I suppose I’m also going to need a proper definition of ‘art’. Annoyingly, I haven’t got space for a full and challenging discussion of this here, but having talked to a lot of people and read a lot about this in the last few days (well, years really) all the standard/popular definitions seem to agree that for something to qualify as art, it must meet certain criteria:

1) It must have a ‘creative’ element to it;

2) It must involve some way of presenting or re-presenting some physical phenomena in a way which is qualitively different from the ‘everyday’ presentation of that phenomena (ie grass in a field isn’t art, but if you paint a picture of it, sing about it, write a story about it, etc then that picture/song/story might be. Nietzsche points out that because eg the grass presented in the art is not the original or ‘real’ grass, that art is an ‘untruth’ – but a good and useful kind of untruth which helps us cope with the world we experience).

3) the presentation must be so well-crafted that it somehow ‘transcends’ the craft of its materials to reveal some deeper or higher truth or experience. As Aristotle says, “the aim of art is not to represent the outward appearance of things, but their inward significance.” Some folks say this is likely to be the expression of some kind of emotional or ‘metaphysical’ truth.

In short, art is a created artifice, or fiction, which reveals some ‘deeper’ truth or emotion. (I’m not entirely happy with these criteria, but they are pretty popular and at the moment I’m not out to change anyone’s view of what ‘art’ is.)

So, does stand-up fit these categories?

Well, it’s pretty easy to see that it fits the first two. Just coming up with a sentence is creative, and stand-ups do this all the time. But that doesn’t make it art, any more than a man ordering a pizza is art; it needs to meet the other two criteria as well.

The second is not much tougher. While it might appear that stand-up is just a person talking to a group of other people, a comedy club is in no way an ‘everyday’ communicative context, and the words and sentences stand-ups create are not ‘natural’. As Stewart Lee likes to point out, comedy clubs are bizarre and articficial places where even though the comedian might pretend to be speaking ‘normally’ as themselves, they quite frequently do or say things that sane people just wouldn’t do when addressing a group (like announcing, apropos of nothing, what their favourite high street coffee chain is).

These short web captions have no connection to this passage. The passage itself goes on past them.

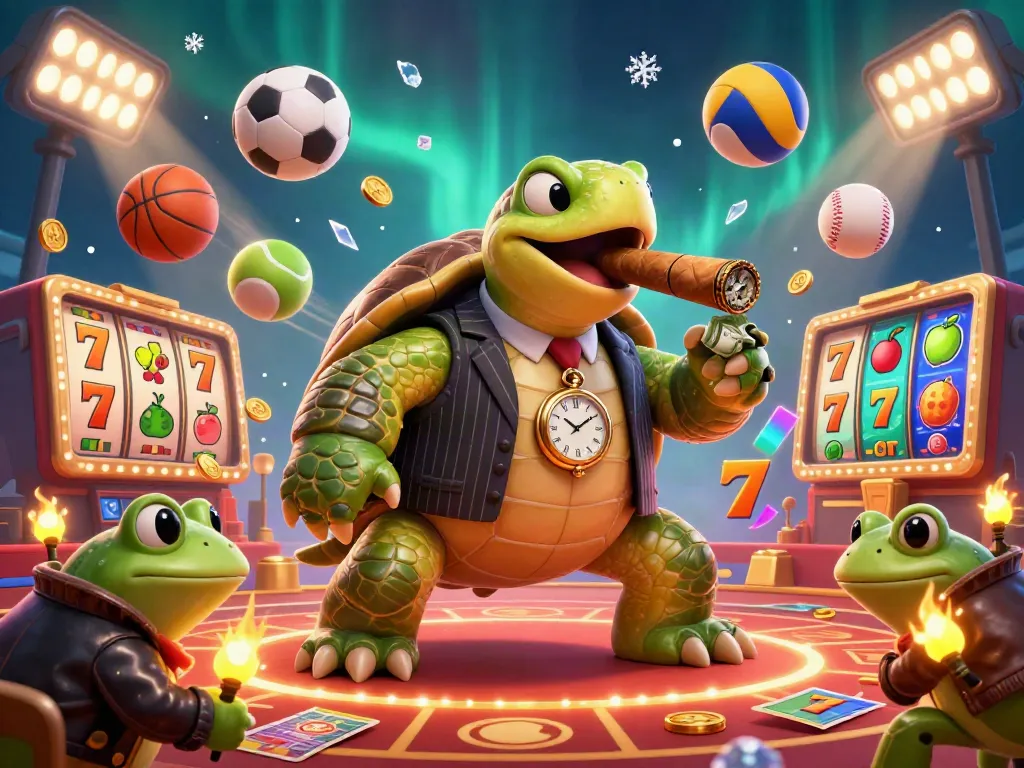 Situs slot themed illustration with a massive turtle mobster and bullfrog enforcers around vibrant slot reels and casino lights.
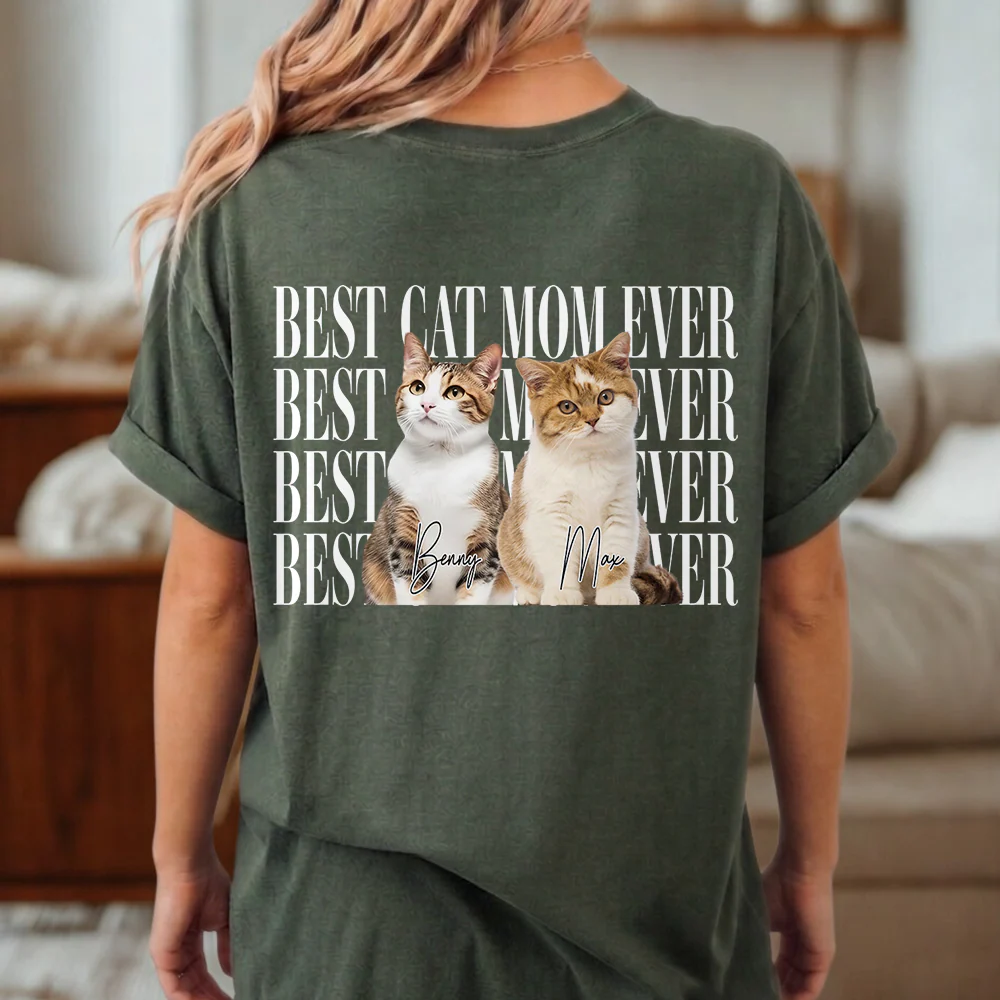 Custom Vintage Photo Best Dog Dad Ever, Best Cat Dad Ever Comfort Shirt Back CH07 911532 - Image 2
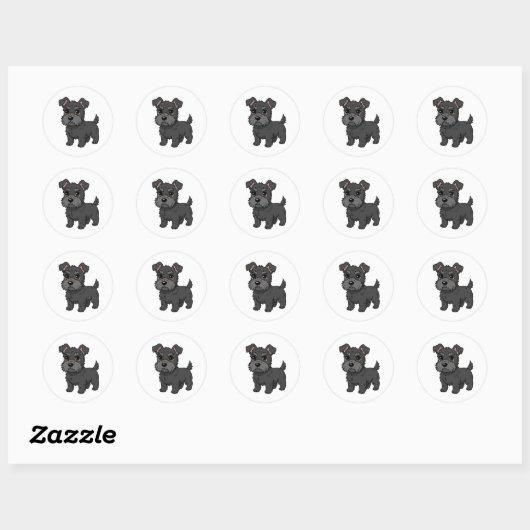 Cute Black Scottish Terrier Dog ラウンドシール (シート)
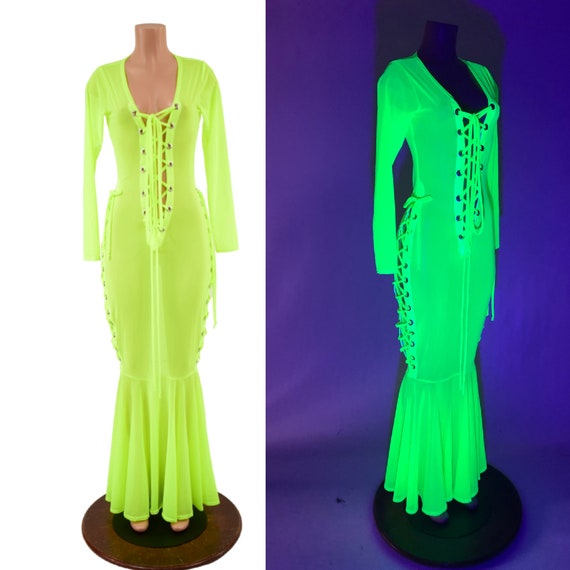 Neon Yellow Mesh Mermaid Gown With DEEP Plunging V Laceup Neckline and  Laceups at the Hips EMK - Etsy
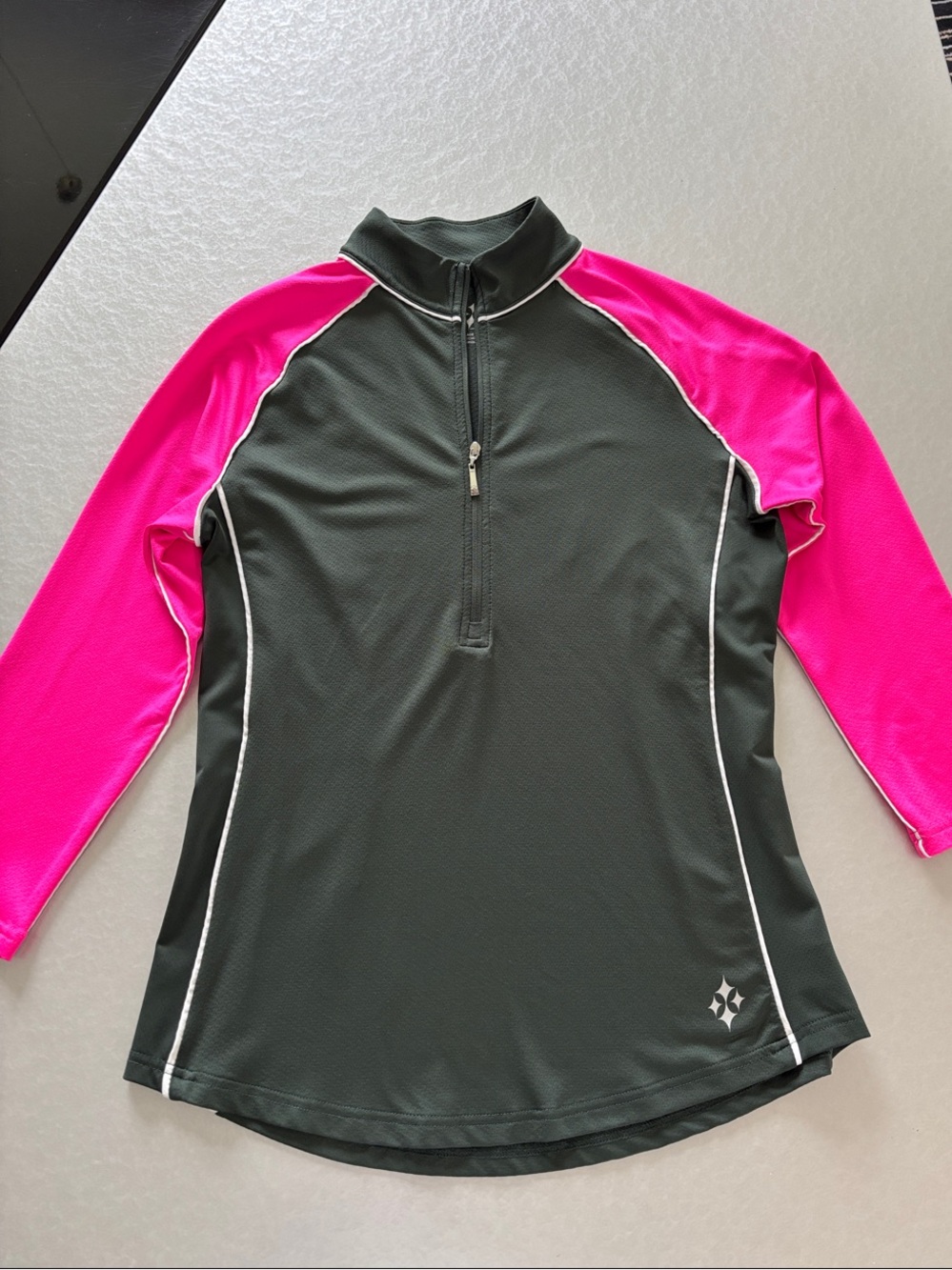 Jofit Dark Green Top with Hot Pink Sleeves / M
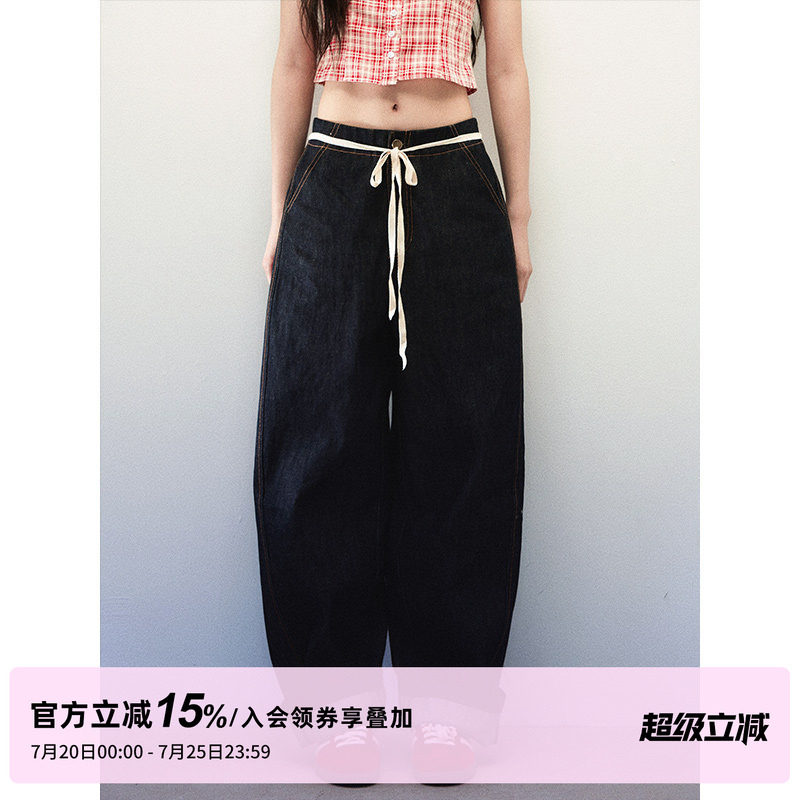 1P STUDIO 藏青色宽松挺阔牛仔阔腿裤女夏季系带装饰直筒弯刀裤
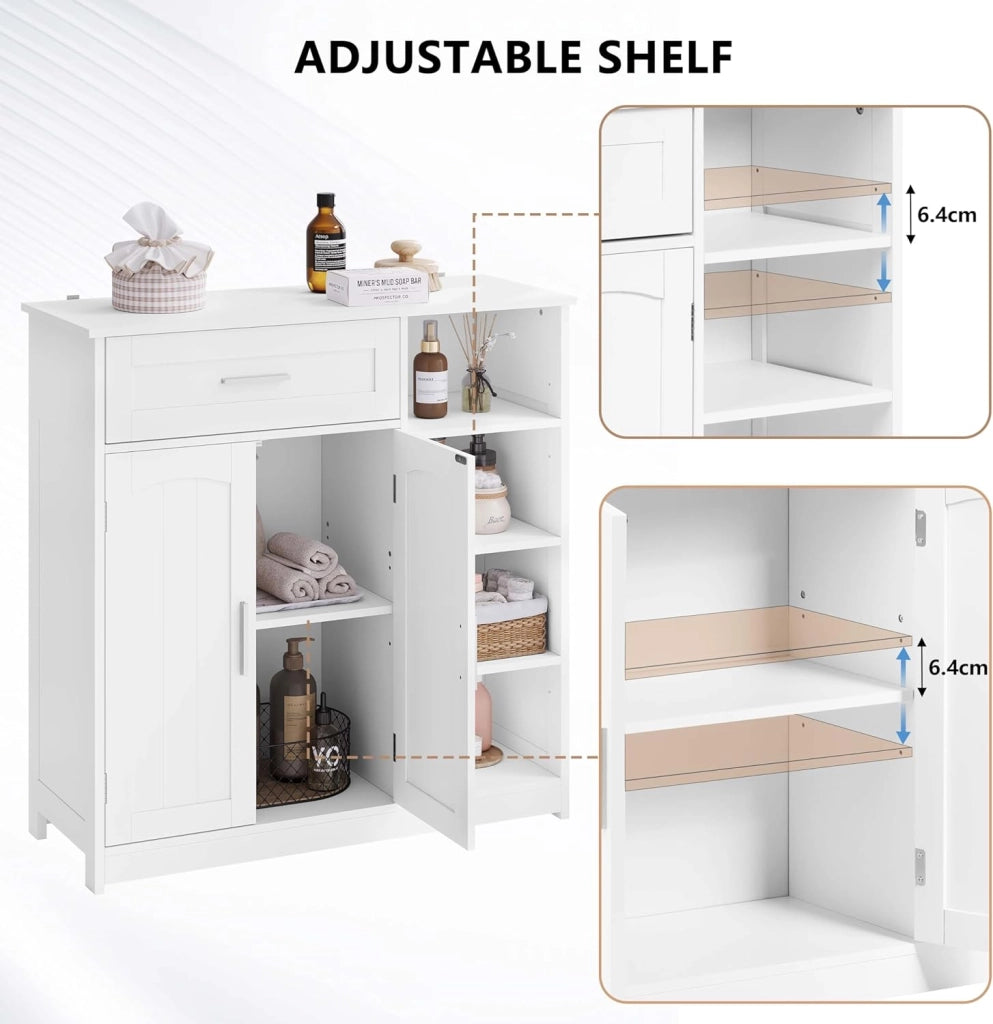 Mobile da Bagno Indipendente con 2 Ante 1 Cassetto 4 Ripiani Aperti, Regolabili in Altezza, Unità di Stoccaggio per Corridoio, Credenza da Cucina, 80x30x80,5 cm, Bianco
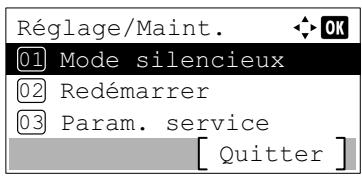 Réglage/Maint. 01 Mode silencieux 02 Redémarrer 03 Param. service [ Quitter ]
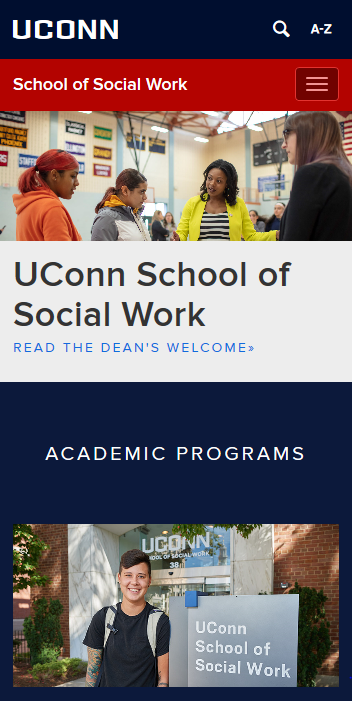 UConn School of Social Work Homepage display mobile view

The reason for this is that the words, gestures, and actions used in stand-up are crafted to have a different performative function (ie to get consistent laughs from a large group) and there is therefore a different expectation from the observer than there would be in ‘normal’ conversation – so some artificial work must be crafted. (In fact, it’s not just the words and sentences that are crafted: a decent stand-up craftsman will take the audiences’ responses and make them an intrinsic part of the work, smashing the theatrical ‘fourth wall’ in a way that would have made Brecht proud; and a master craftsman can often  ‘play’ the audience like a musical instrument, measuring subtle phrases and gestures that illicit different sizes and types of laugh in varying structural arrangements to give a really satisfying performance. This is not a ‘normal’ way to communicate.) So the very form of stand-up involves the presentation of a physical phenomena (a person saying words to a group) in a way that is exceptional from its normal or ‘everyday’ presentation.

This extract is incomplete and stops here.